11. In ground (3), the appellant submits that the Judge had not analysed the respondent’s erroneous grant of leave to the appellant when considering the impact of the deportation order on the appellant’s family.
12. Judge Brewer of the First-tier Tribunal granted permission on 18th May 2023. The grant of permission was not limited in its scope.
The hearing before me
13. I turn to my decision and in doing so I have considered both the Rule 24 response and also the representatives’ oral arguments before me today. I thank both representatives for the clarity of their submissions which I have considered in full, but I only explain and discuss them further where it is necessary for me to explain my decision.
Grounds (1) and (2)
14. Whether the Judge’s error in failing to note the child’s British passport is such that his decision is not safe and cannot stand is ultimately one that is tied up with ground (2). The reason for this is that the Judge had concluded that there was a family relationship but not a parental one, between the appellant and the child. He had proceeded on the basis that the mother and child would remain in the UK and concluded that the effect of deportation would not be unduly harsh. In reaching that conclusion, the Judge’s focus included the nature of the relationship between the appellant and the child. I do not say that the status of the child was irrelevant but ultimately where, as here, the Judge found that the relationship was not as claimed, the Judge had, in essence, considered the scenario of where the child would not lose the benefit of British citizenship.
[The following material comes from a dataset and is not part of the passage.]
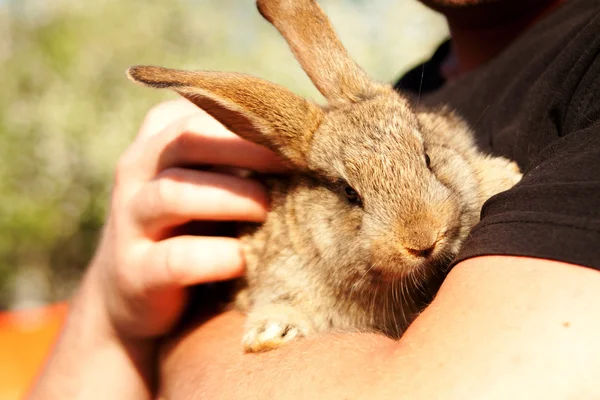 Kleines Kaninchen in den Händen des Menschen — Stockfoto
15. I turn to the central challenge in this case, namely the Judge’s analysis and rejection of the claim that the appellant had a parental relationship with his wife’s child. The grounds themselves refer to the Judge’s analysis of the two expert reports and the Judge’s acceptance of their expertise. Mr Sowerby’s submissions appear to have a slightly different basis and he pointed to the respondent’s 2023 decision, where the at §§36, 37 and elsewhere, it refers to a “stepchild” and then at the end of §37: “As such, it is not disputed at this time that your client has a genuine and subsisting relationship with his stepchild”. Mr Sowerby argued before me that there is only one sensible conclusion where there is a reference to a stepson on multiple occasions and there is the acceptance of a genuine and subsisting relationship, namely that the relationship is a parental one. Mr Clarke argued that there has been no concession in absolute terms as to the existence of a parental relationship between the appellant and the child.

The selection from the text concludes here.